Sedmikrásky Tausendschönchen
„Tausendschönchen“ // Deutschland-Start: 1969 (Kino) // 27. Juli 2012 (DVD) // 27. April 2023 (Kino-Wiederaufführung)

Inhalt / Kritik

Marie (Jitka Cerhová) und Marie (Ivana Karbanová) stellen die moralische Verdorbenheit der Welt fest. Der für sie logische Schluss: Auch sie müssen verdorben werden. Und gesagt, getan. Ab jetzt heißt es, stehlen, rumlümmeln, sich von gut betagten alten Herren ausführen lassen und vor allem futtern, futtern, futtern.

Das Haar in der Suppe

Das Ganze passiert dabei eher episodisch, anstatt einer klaren Handlung oder Dramaturgie zu folgen. Auch hintergründig erfahren wir nichts über die Protagonistinnen. Ihre einzige relevante Motivation ist, sich einer verdorbenen Welt anzupassen, also Moral und Konvention über Bord zu werfen. Und konsequenterweise passiert das nicht nur auf inhaltlicher, sondern auch auf filmischer Ebene. Regisseurin Věra Chytilová zeigt in diesem Hauptwerk der Tschechoslowakischen Neuen Welle, was Neue Welle eigentlich bedeutet. Nämlich den künstlerischen Mittelfinger ausstrecken, während man das Medium handwerklich und erzählerisch in neue Bahnen lenkt.

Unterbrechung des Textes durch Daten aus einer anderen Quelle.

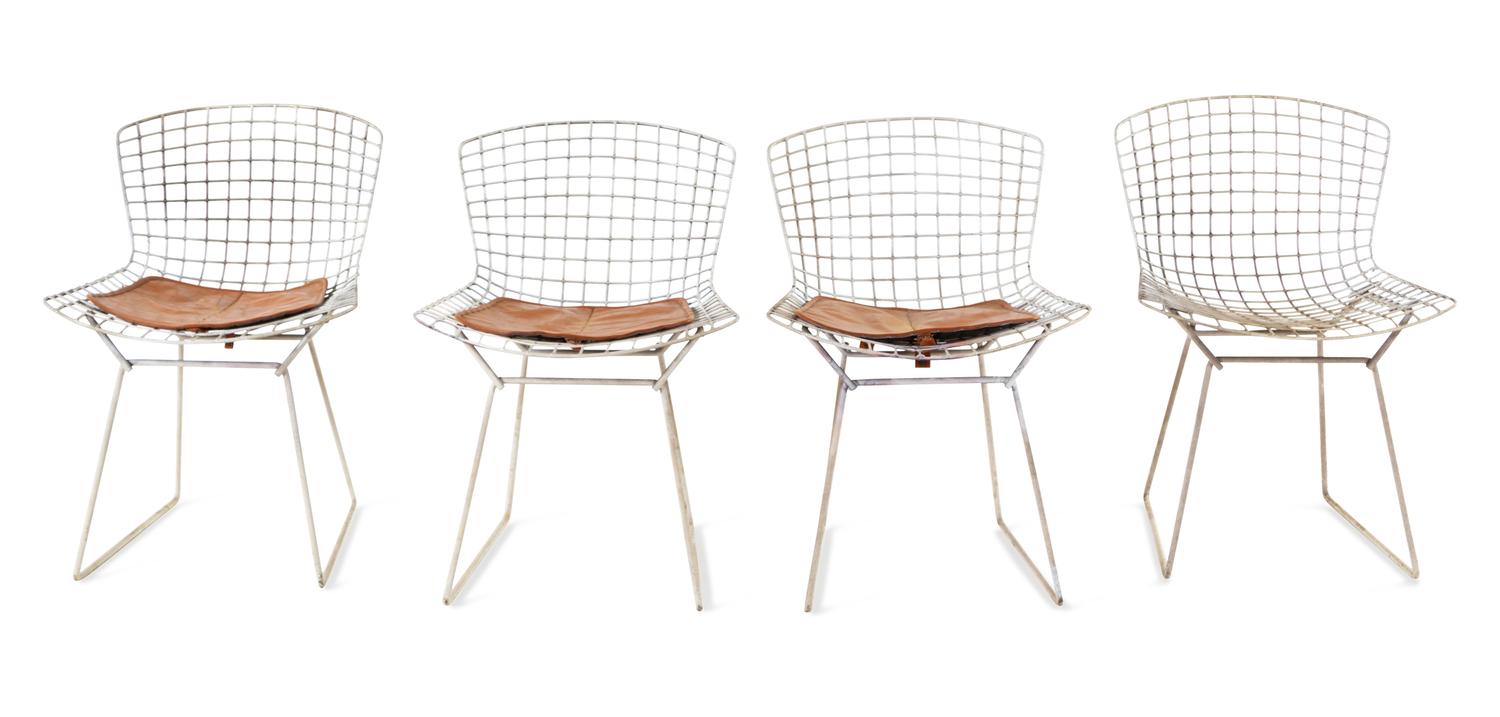 Harry Bertoia (Italian/American, 1915-1978) a set of four…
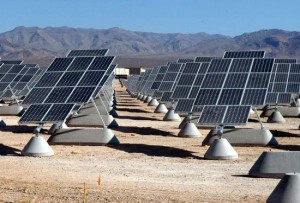 solar power plant W4y7F 24429 300x203 Sandia Researchers Discovering How Clouds Affect Photovoltaic Farms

Und genau das passiert in Tausendschönchen. Es könnte dem Film nicht ferner sein, ein Eintauchen in eine Geschichte mit abgeschlossener Heldenreise zu ermöglichen. Nein, hier geht es ausschließlich um etwas, das sich auf der Meta-Ebene abspielt: Provokation. Ziel sind alle, die den konservativen, patriarchischen und autoritär-repressiven Status Quo repräsentieren, egal ob in Politik, Gesellschaft oder eben Film. Oder wie Tausendschönchen es selbst sagt: „Dieser Film ist allen Menschen gewidmet, deren größtes Problem das Haar in ihrer Suppe ist.“

In der konkreten Umsetzung zeigt sich das auf den ersten Blick vor allem durch psychedelische Bilder, bunte Farben, wilde Schnitte und den scheinbar grenzenlosen Hedonismus seiner Figuren. Wer in Tausendschönchen aber ausschließlich ein Spektakel des Spektakels wegen erkennen will, sollte genauer hinschauen. Denn nur, weil der Film seine Unzufriedenheit mit dem Status Quo jeder zuschauenden Person mit einem lachenden Vorschlaghammer ins Gesicht prügelt, heißt das nicht, dass der Film keine inhaltliche Tiefe besitzen würde. Tausendschönchen ist in Teilen fast schon beeindruckend präzise, wenn es darum geht, Moral und Doppelmoral zu dekonstruieren oder schlicht das Maximum aus seiner Inszenierung zu holen. Und das zu entdecken, ist eine Freude, die die Party auf der Handlungsebene noch weit übersteigt.

Anarcho-Feminismus?

Aufgrund dieser häufig verkannten inhaltlichen Tiefe ist auch der für den Film ach so oft verwendete Begriff des Anarcho-Feminismus unzureichend. Zwar ist er nicht grundsätzlich falsch, aber Tausendschönchen ist nur im aller engsten Sinne als anarchistisch zu bezeichnen. Denn der Film versucht in seiner scheinbaren Regellosigkeit nicht, eine valide Handlungsalternative zur von Fleiß, Bescheidenheit und häuslich geprägten Moral der Tschechoslowakei vor dem Prager Frühling darzustellen. Vielmehr ist er satirisch und seziert eben diese Moral bis auf das kleinste Detail nahezu makellos. Tausendschönchen weiß genau, was er tun muss, um das Haar in der Suppe des Establishments zu sein. Und dieser Rolle ist sich der Film genau bewusst. Er zeigt, wie ein Leben aussehen würde, wenn sich die moralisch Verdorbenen so verhalten würden, wie das Establishment ihnen nachsagt.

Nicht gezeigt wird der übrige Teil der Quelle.